Provided records:

Segment Open

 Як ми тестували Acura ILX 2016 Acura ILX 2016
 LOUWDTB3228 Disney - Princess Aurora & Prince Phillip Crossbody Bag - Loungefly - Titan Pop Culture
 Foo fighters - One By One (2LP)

Segment Closed
Segment Open

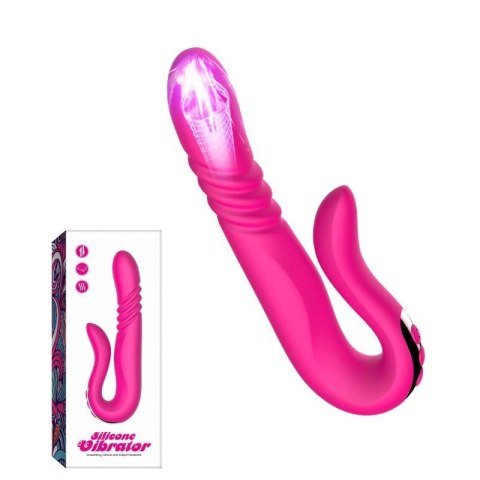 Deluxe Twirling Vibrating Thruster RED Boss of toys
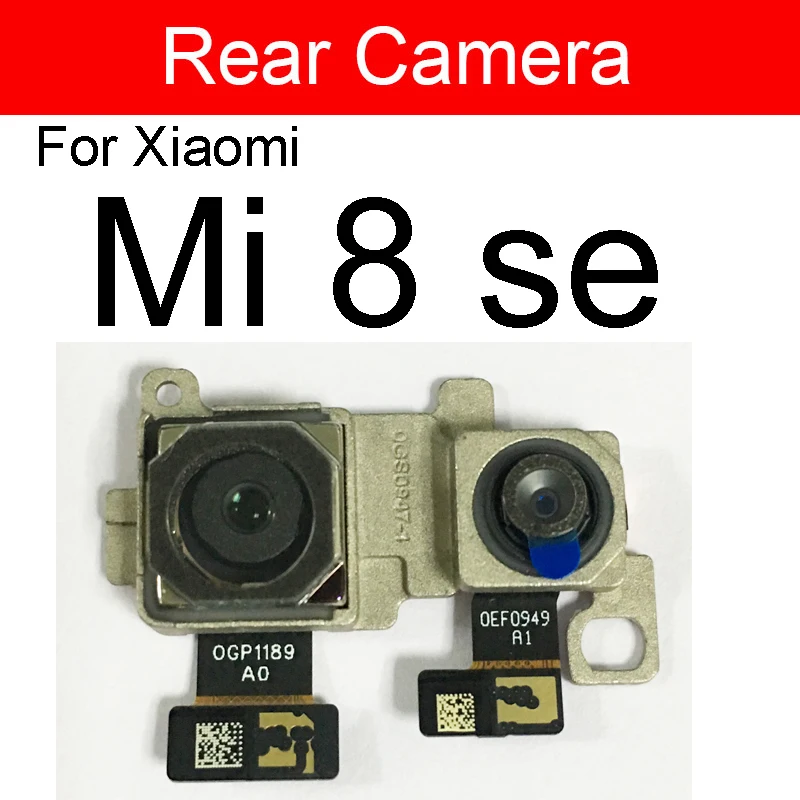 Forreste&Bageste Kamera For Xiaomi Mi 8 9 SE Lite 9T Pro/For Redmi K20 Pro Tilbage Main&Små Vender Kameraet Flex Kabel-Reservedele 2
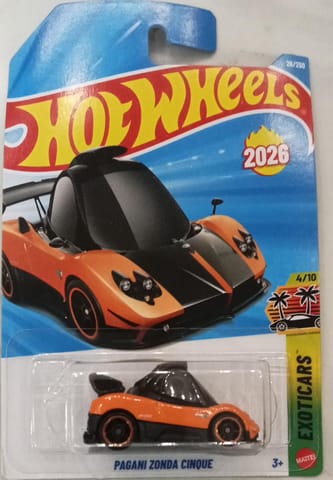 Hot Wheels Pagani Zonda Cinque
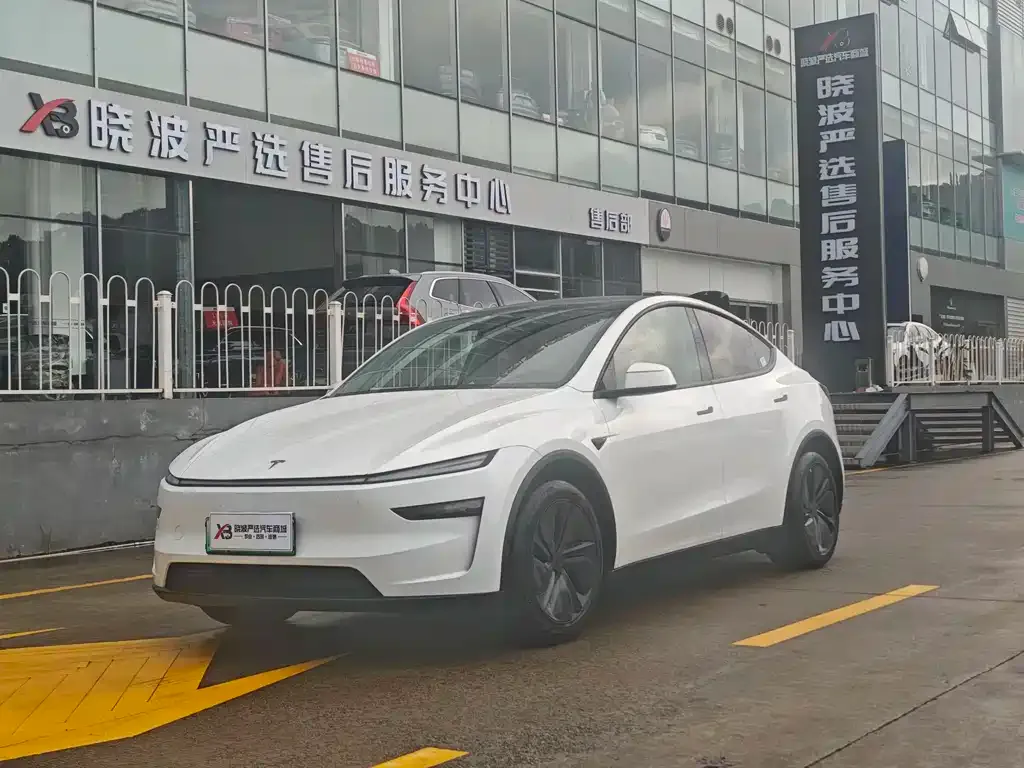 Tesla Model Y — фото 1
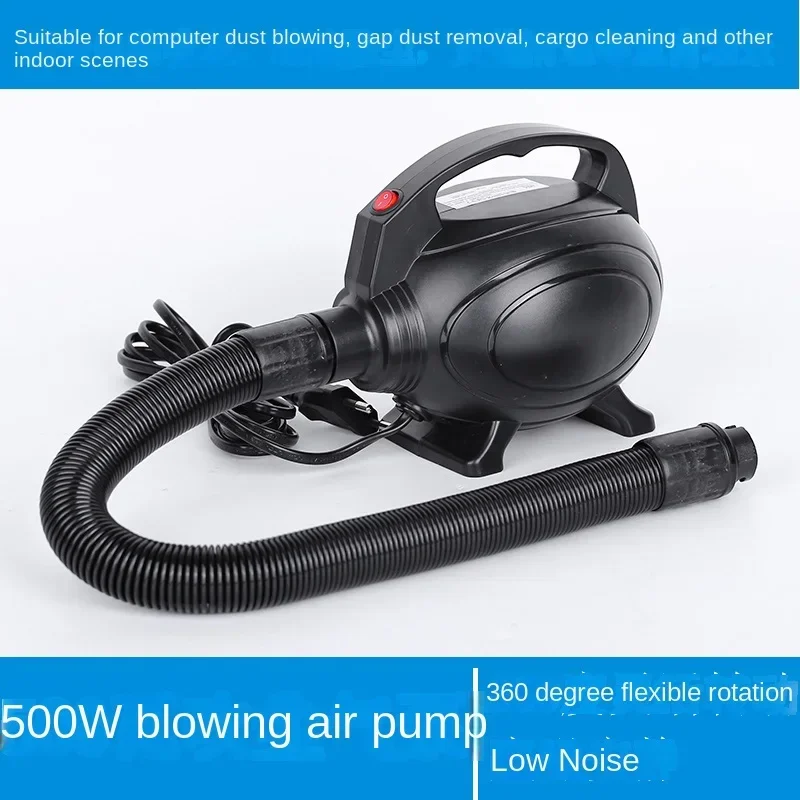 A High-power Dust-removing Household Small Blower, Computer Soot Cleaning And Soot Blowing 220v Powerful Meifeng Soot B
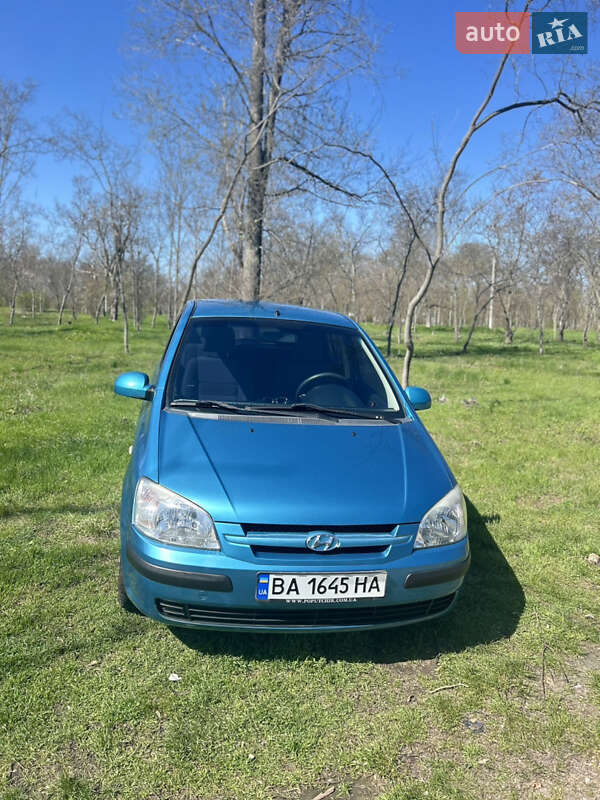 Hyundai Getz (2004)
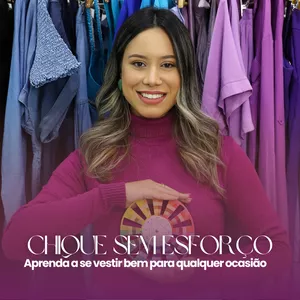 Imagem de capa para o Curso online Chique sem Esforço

Segment Closed

Task prompt: After locating the line holding "Як ми тестували" above, output exactly that line and every line after it through the line holding "Foo fighters - One By One (2LP)". Include nothing else.

Answer for this exercise:
 Як ми тестували Acura ILX 2016 Acura ILX 2016
 LOUWDTB3228 Disney - Princess Aurora & Prince Phillip Crossbody Bag - Loungefly - Titan Pop Culture
 Foo fighters - One By One (2LP)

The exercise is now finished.